# Math Help - trigonometric equations

1. ## trigonometric equations

1. Prove that tan x sinx + cosx = 1/cosx

2. Prove that Tanx = sinx + sin²x/ cos x (1+ sinx)

3.prove that sinx - cosx = sinx-cosx

4. solve for x, where O◦ ≤ x ≤ 360◦

a) cosx (1-2sinx) = 0 (two answers)

b) 4sin²x-1 = 0 (two answers)

c) 2cosx + cosx -1 =0 (two answers)

d) 3sinx + 4sin x =4 (two answers)

I'm so lost with this stuff right now. I'm sorry its so much.

2. Originally Posted by musicismylife2007
1. Prove that tan x sinx + cosx = 1/cosx
$\tan x \sin x + \cos x = \frac {1}{ \cos x}$

Consider LHS

$\tan x \sin x + \cos x = \frac {\sin x}{ \cos x } \sin x + \cos x$

$= \frac { \sin^2 x }{ \cos x} + \cos x$

$= \frac { \sin^2 x + \cos^2 x }{ \cos x }$

$= \frac {1}{ \cos x}$

$= RHS$

Thus we have $LHS \equiv RHS$

Questions like these are not as hard as you may think. here are some tips:

- Start on the most complicated side, it gives you more options to change stuff
- It is usually a good idea to change everything to sines and cosines. these are the functions students are most familiar with and so it is easy to see connections
- Always work one side to get the other, if you can't, make one side as simple as possible, stop, and then try to work the other side to get the simplified expression.
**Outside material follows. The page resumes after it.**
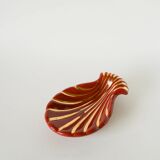 Shell-shaped ceramic catchall, Magdalithe, brick and gold, 1970.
Now, try the other proving questions

3. Originally Posted by musicismylife2007

3.prove that sinx - cosx = sinx-cosx

4. solve for x, where O◦ ≤ 360◦

a) cosx (1-2sinx) = 0 (two answers)

b) 4sin²x-1 = 0 (two answers)

c) 2cosx + cosx -1 =0 (two answers)

d) 3sinx + 4sin x =4 (two answers)
I see ' over some of the functions, should there be squares there? and some of the questions don't make sense unless they should be squares. double check to make sure you don't have typos, otherwise, it wastes everyone's time

4. Originally Posted by musicismylife2007
4. solve for x, where O◦ ≤ 360◦
you mean, where $0 \leq x \leq 360$

a) cosx (1-2sinx) = 0 (two answers)
if two numbers being multiplied give zero, it means one or the other has to be zero

$\cos x (1 - 2 \sin x ) = 0$

$\Rightarrow \cos x = 0$ or $1 - 2 \sin x = 0$

$\Rightarrow \cos x = 0$ or $\sin x = \frac {1}{2}$

If $\cos x = 0$, we have $x = \frac { \pi}{2}$ or $\frac {3 \pi}{2}$ = $90^{\circ}$ or $270^{\circ}$

If $\sin x = \frac {1}{2}$, we have $x = \frac { \pi}{6}$ or $\frac {5 \pi}{6}$ = $30^{\circ}$ or $150^{\circ}$

so there are your two sets of x-values

5. Sorry made a mistake. Umm this is the way the questions are writen I hope it makes more sence now.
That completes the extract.